Thermal power station
- Primary fuel: Solid waste

= Sfax Waste To Methane Gas Project =

Waste to energy project in Tunisia

The Sfax Waste To Methane Gas Project is a proposed plant to convert solid waste into methane gas, by the facilitation of anaerobic digestion of organic waste in a new plant in Sfax, Tunisia's second-largest city. The estimated 1900000 m3 of methane from the future waste-to-energy plant is expected to fuel a fleet of 800 automobile taxis every year. The project is a joint venture of four Tunisian government entities; (a) the City of Sfax (COS) (b) the National Oil Distribution Company (AGIL) (c) the National Agency for Energy Management (ANME) and the Commissariat à l’énergie atomique et aux énergies alternatives (CEA-PRO).

==Location==
The waste-to-methane-gas plant is planned in the city of Sfax, in Sfax Governorate, along the Tunisian Mediterranean coast, approximately 267 km southeast of Tunis the national capital and largest city.

==Overview==
As of 2020, an estimated 75 percent of Tunisia's 11.7 million citizens were settled in urban and peri-urban settlements along the country's coastline. The solid waste generated in these communities was classified into three major categories: (a) food waste (FW) (b) green waste (GW) and (c) cattle manure (CM). An estimated 68 percent of all the solid waste in Tunisia is classified as organic waste.

Tunisia generates an estimated 2.6 million tonnes of solid waste, annually. An estimated 85 percent of this waste is disposed of in landfills, while most of the remainder is dumped in ad-hoc rubbish dumps. Due to a rapidly increasing urbanization rate, land for landfills and rubbish dumps is becoming scarce.
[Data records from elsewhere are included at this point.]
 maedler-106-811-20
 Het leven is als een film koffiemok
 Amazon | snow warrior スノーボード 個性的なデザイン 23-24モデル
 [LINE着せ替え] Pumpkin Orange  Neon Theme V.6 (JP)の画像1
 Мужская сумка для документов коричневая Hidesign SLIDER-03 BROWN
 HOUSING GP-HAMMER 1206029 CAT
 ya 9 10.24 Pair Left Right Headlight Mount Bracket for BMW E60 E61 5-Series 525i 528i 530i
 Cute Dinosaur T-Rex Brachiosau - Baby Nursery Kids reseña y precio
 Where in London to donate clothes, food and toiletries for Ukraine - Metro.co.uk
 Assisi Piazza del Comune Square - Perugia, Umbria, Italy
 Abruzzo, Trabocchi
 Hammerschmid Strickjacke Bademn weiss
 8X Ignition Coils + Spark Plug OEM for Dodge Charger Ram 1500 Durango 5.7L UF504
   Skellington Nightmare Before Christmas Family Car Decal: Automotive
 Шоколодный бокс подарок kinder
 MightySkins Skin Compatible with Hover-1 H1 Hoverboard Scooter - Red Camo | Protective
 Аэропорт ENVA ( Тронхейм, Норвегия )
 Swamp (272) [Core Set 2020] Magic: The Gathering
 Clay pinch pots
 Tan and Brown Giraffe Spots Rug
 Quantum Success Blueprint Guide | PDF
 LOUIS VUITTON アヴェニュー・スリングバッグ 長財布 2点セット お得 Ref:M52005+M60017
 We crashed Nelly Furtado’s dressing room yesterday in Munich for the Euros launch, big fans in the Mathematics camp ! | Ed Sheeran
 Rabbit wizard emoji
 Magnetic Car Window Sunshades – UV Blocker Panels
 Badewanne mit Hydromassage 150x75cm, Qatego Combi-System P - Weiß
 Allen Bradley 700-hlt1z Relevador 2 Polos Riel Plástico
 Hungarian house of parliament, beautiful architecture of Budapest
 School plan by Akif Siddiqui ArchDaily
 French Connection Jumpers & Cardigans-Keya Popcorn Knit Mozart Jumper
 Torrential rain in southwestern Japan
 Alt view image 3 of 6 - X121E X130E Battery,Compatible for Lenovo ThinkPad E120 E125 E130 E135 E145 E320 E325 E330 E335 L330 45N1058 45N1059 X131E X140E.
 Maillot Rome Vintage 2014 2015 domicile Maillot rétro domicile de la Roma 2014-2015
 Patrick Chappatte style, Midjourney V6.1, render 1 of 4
In addition, these temporary solutions have long-term problems of their own, including unregulated pollutant gaseous emissions and liquid leachate effluent.

The problem in Tunisia has reached national crisis proportions, as many of the existing landfills are filling up, with nowhere to put new waste.

==Ownership==
The new plant is under ownership by a consortium of Tunisian government parastatals as well as local government entities, as listed in the table below. For descriptive purposes, we will refer to the consortium as Sfax Methane Consortium.

Sfax Waste To Methane Gas Plant Ownership
| Rank | Owner/Investor | Percentage | Notes |
|---|---|---|---|
| 1 | Sfax City Council |  |  |
| 2 | National Oil Distribution Company (AGIL) |  |  |
| 3 | National Agency for Energy Management (ANME) |  |  |
| 4 | Commissariat à l’énergie atomique et aux énergies alternatives (CEA-PRO) |  |  |

==Construction costs and timeline==
The owners/developers plan to conduct feasibility and environmental and social impact studies to inform the design, size and cost of construction of the plant. The feasibility and ESIA studies are budgeted at €555,000 (US$614,000). An EPC contractor will be selected after the environmental and feasibility studies.

==Associated benefits==
This plant offers a "sustainable solution" to the disposal of solid waste, which is an increasing problem in the country. The plant will avail industrial methane to approximately 800 taxis fitted with methane use technology and driven within Sfax and its metropolis. The new plant is expected to take in 50,000 tons of household waste annually to produce the methane for use as fuel in taxis. The feasibility studies will highlight the number of jobs that will be created during the planning, construction and operational stages of the project.